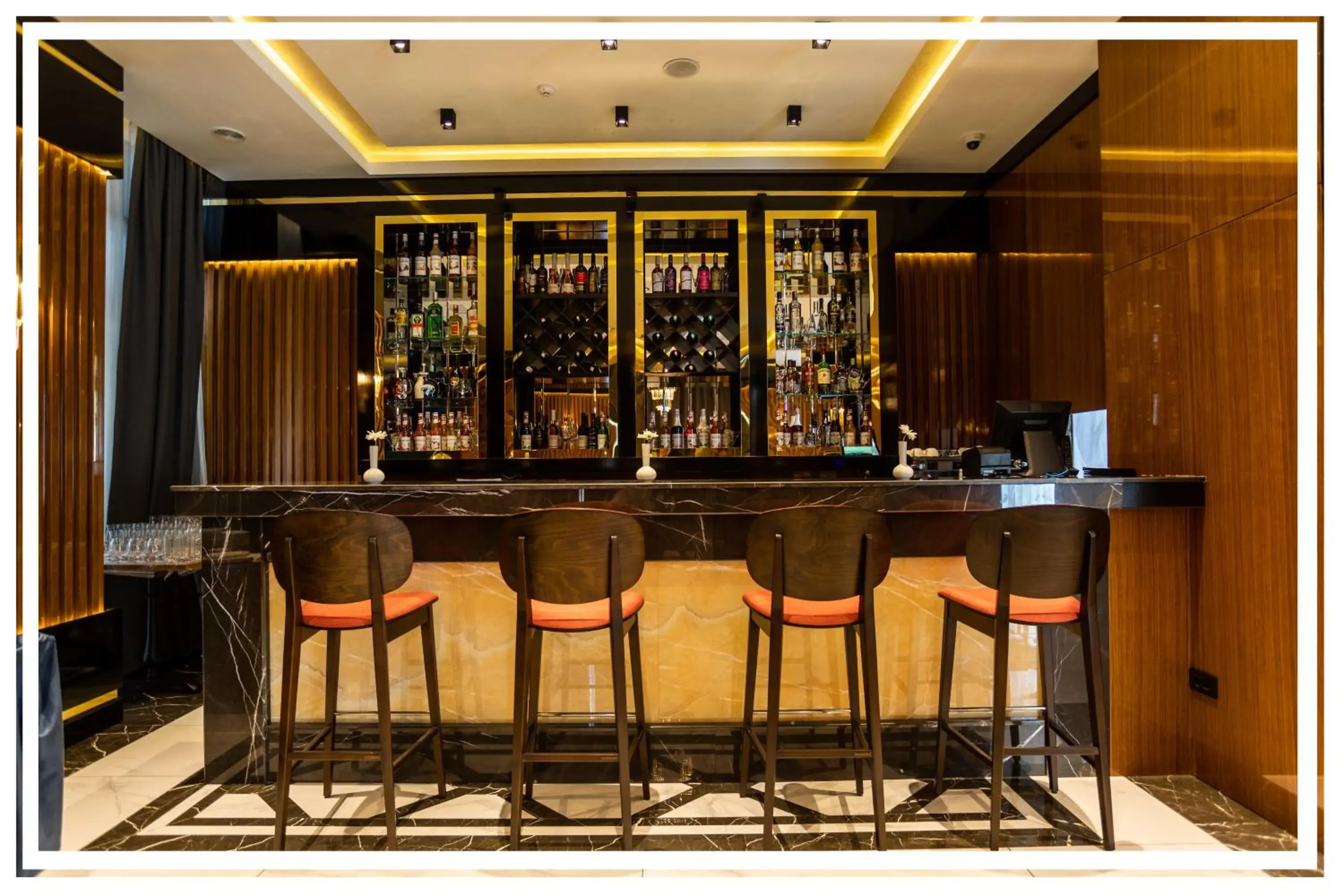 Lounge or bar in Premium Hotel Ganja Lounge or bar in Premium Hotel Ganja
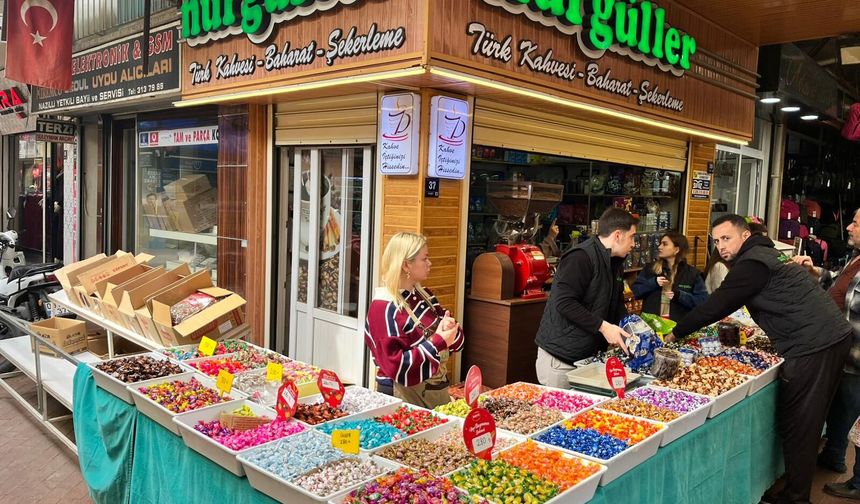 Nazilli’de bayram telaşı.. Tezgahlar renk cümbüşüne döndü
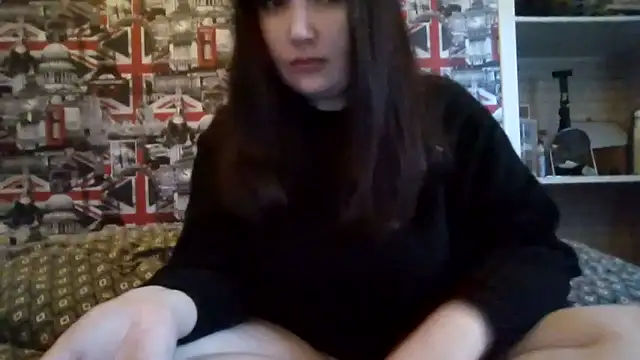 Lynylou online show from 12-22-25, 04:07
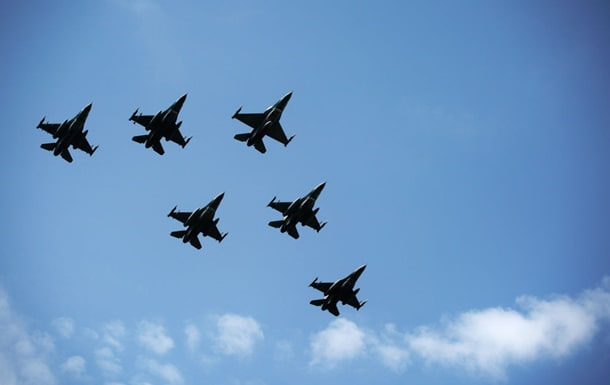 Винищувачі НАТО перехопили російські літаки над Балтійським морем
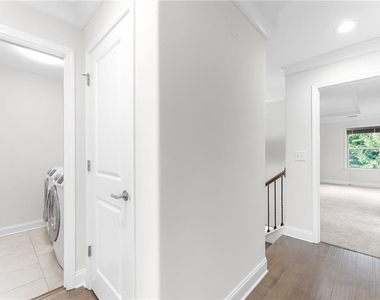 1394 Doublegate Drive Ne - Photo Thumbnail 21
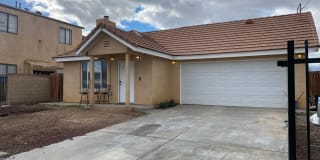 38463 10th Pl. East 38463 10th Pl. East Photo Gallery 1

YOUR TASK - Print the lines from the one that contains "1394 Doublegate Drive" through the last line of the data, exactly and in full, and no other lines. Pictures are not part of the copy.

RESPONSE BOX -
 1394 Doublegate Drive Ne - Photo Thumbnail 21
 38463 10th Pl. East 38463 10th Pl. East Photo Gallery 1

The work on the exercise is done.